In 2014, de Blasio and Governor Andrew Cuomo endorsed the Plan to End AIDS. That ambitious undertaking sought to end the HIV epidemic in New York and proposed to measure its success using a number of metrics. The plan used a classic public health strategy of jumping on an existing decline in disease incidence with new interventions to accelerate that decline. By any measure, the plan has racked up a number of successes.
The already substantial declines in estimated new HIV infections among drug injectors, which were once at thousands annually, were at 24 in 2018. There were zero mother-to-child transmissions last year. For the first time since 2001, new HIV diagnoses fell below 2,000 in 2018 at 1,917.
But the question becomes how will the end of AIDS be measured?
Originally, the goal was to get to an estimated 750 new HIV infections in New York in 2020, with 600 of those occurring in New York City. But the federal Centers for Disease Control and Prevention, which funds a great deal of the state and local HIV prevention efforts, effectively imposed a new method of estimating new HV infections on state and local health departments in 2017. Those original goals, which were already very ambitious, were placed out of reach.
“I don’t have a number for you yet because we rely on the state to lead the way,” Daskalakis said during testimony at the City Council.
Charles King, the chief executive at Housing Works and the plan’s lead proponent, told Gay City News that the new goal was likely to be in the range of 1,000 to 1,300 estimated new HIV infections annually by 2020. But achieving that might not end the epidemic. Using one number for estimated new HIV infections suggests that those infections are distributed evenly among different demographic groups. They are not.
Among the 1,917 new HIV diagnoses in 2018, 1,487, or 77 percent, occurred among men. Forty-one percent of the new HIV diagnoses among men were among African-American men, 39 percent were among Latino men, and 67 percent of the new HIV diagnoses among men were attributable to men who have sex with men (though 25 percent of the total diagnoses among men had an unknown transmission risk). Insofar as new diagnoses are a surrogate for new HIV infections, the new HIV infections are occurring disproportionately among African-American and Latino men who have sex with men. While the number of new HIV diagnoses attributable to sexual contact among transgender people was small in 2018 at 56, the recent infection increases in that population are troubling.

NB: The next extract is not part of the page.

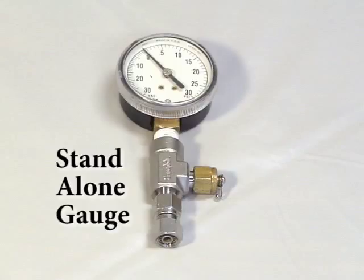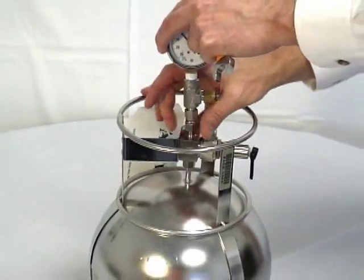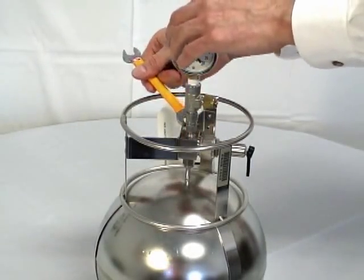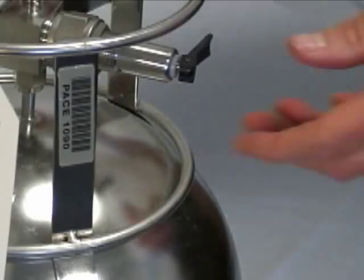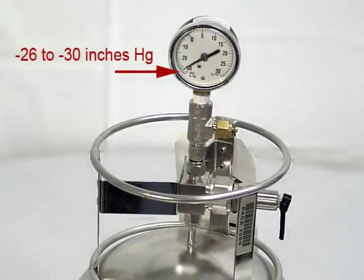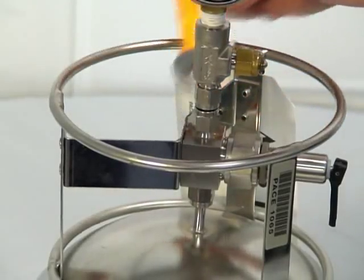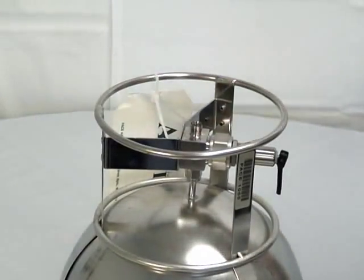Otherwise, move on to the next step of connecting the tubing and fittings. To attach the vacuum gauge, first finger tighten the swage lock nut and then use the 9/16-inch wrench to make the connection leak tight. Open and close the valve quickly to achieve a vacuum reading on the gauge. Depending on the atmospheric conditions, the reading should be between minus 26 and minus 30 inches of mercury. After obtaining the reading and ensuring the valve is closed, you must remove the gauge with the wrench and move on to connecting the tubing and fittings for sampling as required.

If 2020 arrives and there are, for example, an estimated 800 new HIV infections among African-American and Latino men who have sex with men — which would represent a significant decline from the 2018 level — with another 75 among transgender people, it is inconceivable that any HIV group or any advocate, such as King or Daskalakis, would call that a success.
“I’m not ready to say we have achieved every threshold for every group,” King told Gay City News adding that in 2020 “I’m not going to be saying ‘Victory, it’s over and done.’”

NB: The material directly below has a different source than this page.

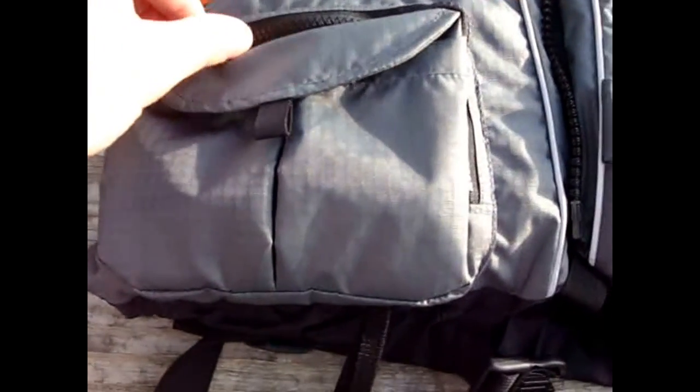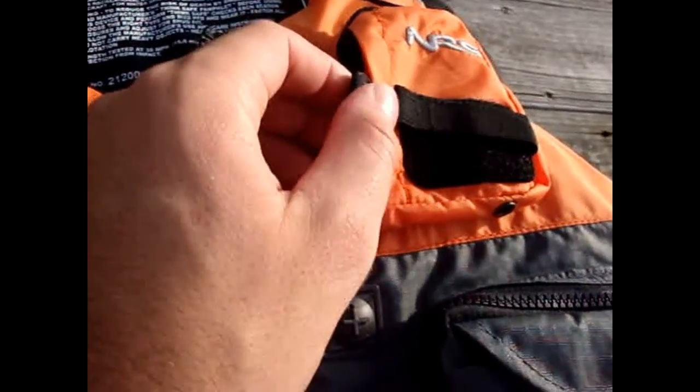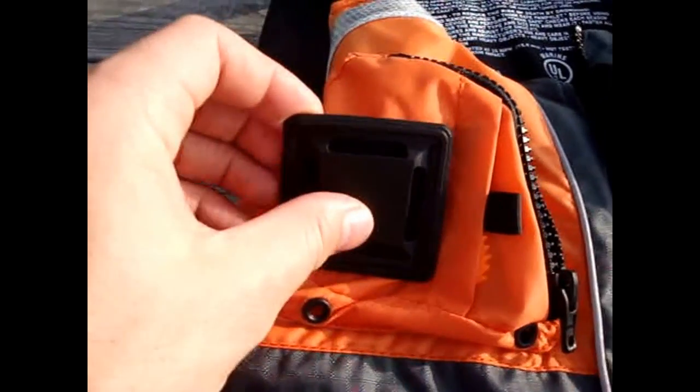Eight pockets up front — plenty of room. Another zip identical pocket there, smaller pockets up front on that side. Places where you can put your tools, slide a pocket knife through there.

While congratulating the city on the 90 90 90 goals, Mark Levine, who chairs the City Council’s Committee on Health and represents parts of Manhattan’s Upper West Side and Washington Heights, noted that the data was not uniformly great.
“But there are areas where the numbers are not moving in the right way,” Levine said referring to transgender people and men who have sex with men.
Daskalakis said the city is confronted with false statements about the safety of some new interventions, notably pre-exposure prophylaxis (PrEP), and also with the use of methamphetamine or opioids in those groups.
More than 50 organizations complained to Facebook this week about ads by personal injury attorneys they charge misrepresent the risks of PrEP and discourage its use.
“We have a little bit of medical mistrust,” he said. “Unfortunately, there’s been some compounding of that messaging on social media… We’re currently trying to unpack that.”